Die Gewaltspirale in Ägypten eskaliert weiter. Über das ganze Land wurde nun ein einmonatiger Ausnahmezustand verhängt. Die Zahl der Toten ist laut offiziellen Angaben inzwischen auf 278 gestiegen. Auch ein britischer Kameramann soll getötet worden sein. Vizepräsident ElBaradei hat wegen der anhalten Gewalt seinen Rücktritt bekannt gegeben.

ElBaradei tritt aus Protest gegen die Gewalt in Ägypten zurück. Der Vizepräsident teilte am Mittwoch in einem Schreiben an Übergangspräsident Adli Mansour mit, er könne nicht länger "Verantwortung für Entscheidungen übernehmen, mit denen ich nicht einverstanden bin".

Einmonatiger Ausnahmezustand verhängt

Angesichts der schweren Gewalttaten ist über Ägypten ein einmonatiger Ausnahmezustand verhängt worden. Die ägyptische Regierung hat nach den blutigen Straßenschlachten zwischen Islamisten und der Polizei am Mittwoch eine nächtliche Ausgangssperre verhängt.

Danach darf sich in Kairo und elf anderen Provinzen zwischen 19 Uhr und 6 Uhr niemand auf den Straßen bewegen. Das staatliche Nachrichtenportal Al-Ahram meldete, die Ausgangssperre könne bis zu einem Monat lang gelten.

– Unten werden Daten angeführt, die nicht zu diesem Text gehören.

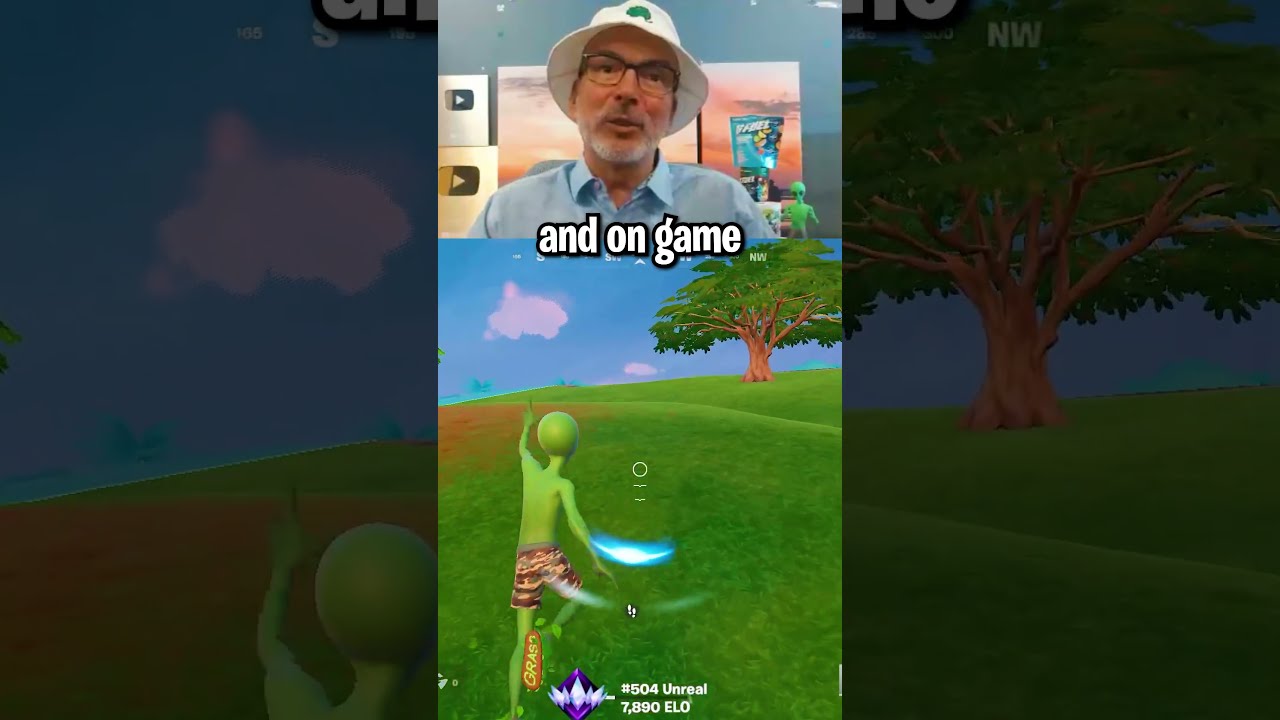 This Dad Reached Top 500 in Fortnite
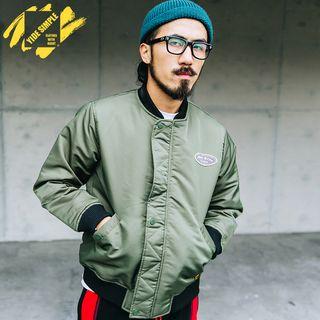 Patchwork Padded Jacket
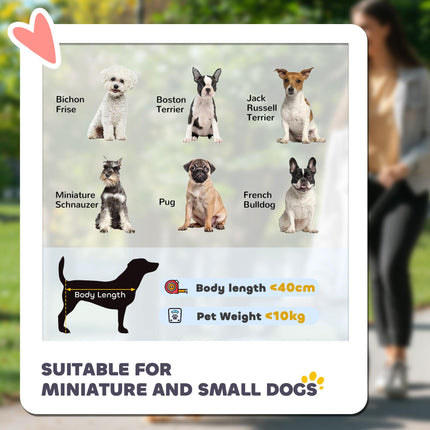 Foldable Dog Stroller with Detachable Carrier and Soft Padding for Mini Small Dogs - Grey
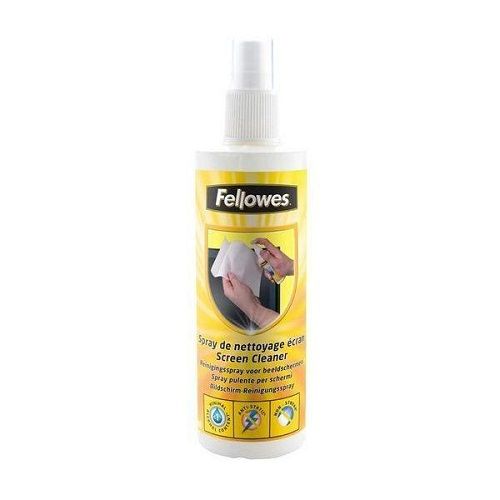 FELLOWES Spray Nettoyant pour écrans – 250 ml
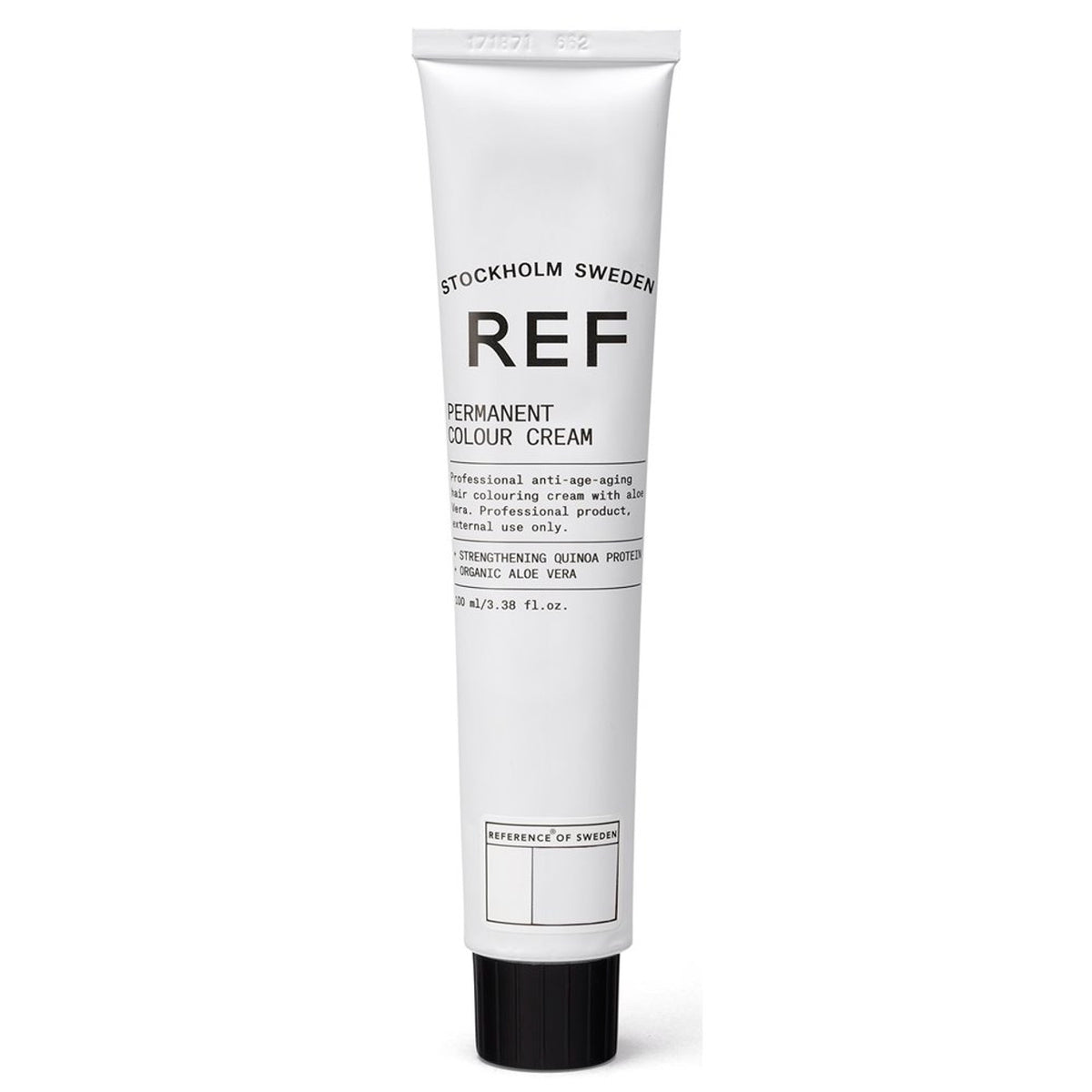 Ref Stockholm, Permanent Colour, Vegan, Permanente Haarfarbe, Graphite, 100 ml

Mehrere Journalisten unter den Gewaltopfern

Der für den britischen Sender Sky News arbeitende Kameramann Mick Deane wurde nach Angaben des Senders am Mittwoch erschossen. Der Vater zweier Kinder wurde 61 Jahre alt. Die für die Nachrichtenagentur Reuters arbeitende Fotografin Asmaa Waguih erlitt eine Schussverletzung am Fuß.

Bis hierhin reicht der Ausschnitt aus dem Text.